Crawled caption data:

----------------------------------------

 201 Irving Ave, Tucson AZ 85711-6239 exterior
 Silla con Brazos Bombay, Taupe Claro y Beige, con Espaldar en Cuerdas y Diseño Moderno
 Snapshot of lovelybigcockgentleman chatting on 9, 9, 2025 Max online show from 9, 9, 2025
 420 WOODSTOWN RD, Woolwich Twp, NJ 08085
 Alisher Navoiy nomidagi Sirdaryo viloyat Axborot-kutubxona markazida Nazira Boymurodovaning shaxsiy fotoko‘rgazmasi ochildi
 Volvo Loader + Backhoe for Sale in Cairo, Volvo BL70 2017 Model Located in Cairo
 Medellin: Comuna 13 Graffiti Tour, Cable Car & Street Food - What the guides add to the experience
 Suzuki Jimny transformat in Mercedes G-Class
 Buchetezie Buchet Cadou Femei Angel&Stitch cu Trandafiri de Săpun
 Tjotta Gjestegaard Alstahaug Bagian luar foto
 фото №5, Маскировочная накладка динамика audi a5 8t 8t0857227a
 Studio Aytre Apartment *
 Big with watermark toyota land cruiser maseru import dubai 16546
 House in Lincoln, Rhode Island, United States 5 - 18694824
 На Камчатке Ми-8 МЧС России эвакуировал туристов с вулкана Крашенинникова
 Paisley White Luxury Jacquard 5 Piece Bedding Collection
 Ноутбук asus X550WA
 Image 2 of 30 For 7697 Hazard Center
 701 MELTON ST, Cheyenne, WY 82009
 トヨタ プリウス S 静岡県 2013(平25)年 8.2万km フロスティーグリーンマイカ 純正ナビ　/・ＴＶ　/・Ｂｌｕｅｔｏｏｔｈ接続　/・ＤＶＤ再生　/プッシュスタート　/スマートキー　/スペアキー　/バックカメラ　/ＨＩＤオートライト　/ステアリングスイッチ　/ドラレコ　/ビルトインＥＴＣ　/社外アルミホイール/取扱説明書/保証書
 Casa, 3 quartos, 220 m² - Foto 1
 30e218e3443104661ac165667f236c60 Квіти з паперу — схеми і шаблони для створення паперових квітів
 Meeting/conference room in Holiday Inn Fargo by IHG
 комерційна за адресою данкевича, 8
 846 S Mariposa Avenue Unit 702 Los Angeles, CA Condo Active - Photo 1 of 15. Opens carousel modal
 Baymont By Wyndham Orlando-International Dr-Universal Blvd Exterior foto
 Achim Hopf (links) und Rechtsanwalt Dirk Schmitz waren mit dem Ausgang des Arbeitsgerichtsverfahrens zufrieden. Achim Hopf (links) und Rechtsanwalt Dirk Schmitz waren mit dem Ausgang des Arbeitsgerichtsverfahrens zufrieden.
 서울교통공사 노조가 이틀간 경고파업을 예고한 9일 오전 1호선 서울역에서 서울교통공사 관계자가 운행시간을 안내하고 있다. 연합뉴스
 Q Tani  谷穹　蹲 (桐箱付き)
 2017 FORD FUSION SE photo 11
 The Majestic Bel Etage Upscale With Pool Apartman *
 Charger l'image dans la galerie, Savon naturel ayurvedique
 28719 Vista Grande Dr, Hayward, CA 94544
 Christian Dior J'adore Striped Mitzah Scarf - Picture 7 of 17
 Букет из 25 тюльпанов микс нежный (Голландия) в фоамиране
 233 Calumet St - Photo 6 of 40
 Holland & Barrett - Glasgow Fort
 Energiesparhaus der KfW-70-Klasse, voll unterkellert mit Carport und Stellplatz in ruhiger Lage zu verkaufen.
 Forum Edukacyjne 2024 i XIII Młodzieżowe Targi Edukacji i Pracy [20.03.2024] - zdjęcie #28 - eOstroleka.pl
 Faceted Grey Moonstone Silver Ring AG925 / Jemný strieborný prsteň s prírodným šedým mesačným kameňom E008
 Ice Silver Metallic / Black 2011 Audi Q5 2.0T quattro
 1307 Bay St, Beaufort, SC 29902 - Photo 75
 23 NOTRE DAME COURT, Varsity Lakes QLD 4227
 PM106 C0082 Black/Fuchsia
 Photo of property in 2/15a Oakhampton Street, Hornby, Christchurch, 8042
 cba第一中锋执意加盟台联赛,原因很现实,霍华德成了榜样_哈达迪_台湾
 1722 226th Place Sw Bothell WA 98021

----------------------------------------

• Task goal: The records above need to be retyped in full, exactly as they stand.

• Result:
 201 Irving Ave, Tucson AZ 85711-6239 exterior
 Silla con Brazos Bombay, Taupe Claro y Beige, con Espaldar en Cuerdas y Diseño Moderno
 Snapshot of lovelybigcockgentleman chatting on 9, 9, 2025 Max online show from 9, 9, 2025
 420 WOODSTOWN RD, Woolwich Twp, NJ 08085
 Alisher Navoiy nomidagi Sirdaryo viloyat Axborot-kutubxona markazida Nazira Boymurodovaning shaxsiy fotoko‘rgazmasi ochildi
 Volvo Loader + Backhoe for Sale in Cairo, Volvo BL70 2017 Model Located in Cairo
 Medellin: Comuna 13 Graffiti Tour, Cable Car & Street Food - What the guides add to the experience
 Suzuki Jimny transformat in Mercedes G-Class
 Buchetezie Buchet Cadou Femei Angel&Stitch cu Trandafiri de Săpun
 Tjotta Gjestegaard Alstahaug Bagian luar foto
 фото №5, Маскировочная накладка динамика audi a5 8t 8t0857227a
 Studio Aytre Apartment *
 Big with watermark toyota land cruiser maseru import dubai 16546
 House in Lincoln, Rhode Island, United States 5 - 18694824
 На Камчатке Ми-8 МЧС России эвакуировал туристов с вулкана Крашенинникова
 Paisley White Luxury Jacquard 5 Piece Bedding Collection
 Ноутбук asus X550WA
 Image 2 of 30 For 7697 Hazard Center
 701 MELTON ST, Cheyenne, WY 82009
 トヨタ プリウス S 静岡県 2013(平25)年 8.2万km フロスティーグリーンマイカ 純正ナビ　/・ＴＶ　/・Ｂｌｕｅｔｏｏｔｈ接続　/・ＤＶＤ再生　/プッシュスタート　/スマートキー　/スペアキー　/バックカメラ　/ＨＩＤオートライト　/ステアリングスイッチ　/ドラレコ　/ビルトインＥＴＣ　/社外アルミホイール/取扱説明書/保証書
 Casa, 3 quartos, 220 m² - Foto 1
 30e218e3443104661ac165667f236c60 Квіти з паперу — схеми і шаблони для створення паперових квітів
 Meeting/conference room in Holiday Inn Fargo by IHG
 комерційна за адресою данкевича, 8
 846 S Mariposa Avenue Unit 702 Los Angeles, CA Condo Active - Photo 1 of 15. Opens carousel modal
 Baymont By Wyndham Orlando-International Dr-Universal Blvd Exterior foto
 Achim Hopf (links) und Rechtsanwalt Dirk Schmitz waren mit dem Ausgang des Arbeitsgerichtsverfahrens zufrieden. Achim Hopf (links) und Rechtsanwalt Dirk Schmitz waren mit dem Ausgang des Arbeitsgerichtsverfahrens zufrieden.
 서울교통공사 노조가 이틀간 경고파업을 예고한 9일 오전 1호선 서울역에서 서울교통공사 관계자가 운행시간을 안내하고 있다. 연합뉴스
 Q Tani  谷穹　蹲 (桐箱付き)
 2017 FORD FUSION SE photo 11
 The Majestic Bel Etage Upscale With Pool Apartman *
 Charger l'image dans la galerie, Savon naturel ayurvedique
 28719 Vista Grande Dr, Hayward, CA 94544
 Christian Dior J'adore Striped Mitzah Scarf - Picture 7 of 17
 Букет из 25 тюльпанов микс нежный (Голландия) в фоамиране
 233 Calumet St - Photo 6 of 40
 Holland & Barrett - Glasgow Fort
 Energiesparhaus der KfW-70-Klasse, voll unterkellert mit Carport und Stellplatz in ruhiger Lage zu verkaufen.
 Forum Edukacyjne 2024 i XIII Młodzieżowe Targi Edukacji i Pracy [20.03.2024] - zdjęcie #28 - eOstroleka.pl
 Faceted Grey Moonstone Silver Ring AG925 / Jemný strieborný prsteň s prírodným šedým mesačným kameňom E008
 Ice Silver Metallic / Black 2011 Audi Q5 2.0T quattro
 1307 Bay St, Beaufort, SC 29902 - Photo 75
 23 NOTRE DAME COURT, Varsity Lakes QLD 4227
 PM106 C0082 Black/Fuchsia
 Photo of property in 2/15a Oakhampton Street, Hornby, Christchurch, 8042
 cba第一中锋执意加盟台联赛,原因很现实,霍华德成了榜样_哈达迪_台湾
 1722 226th Place Sw Bothell WA 98021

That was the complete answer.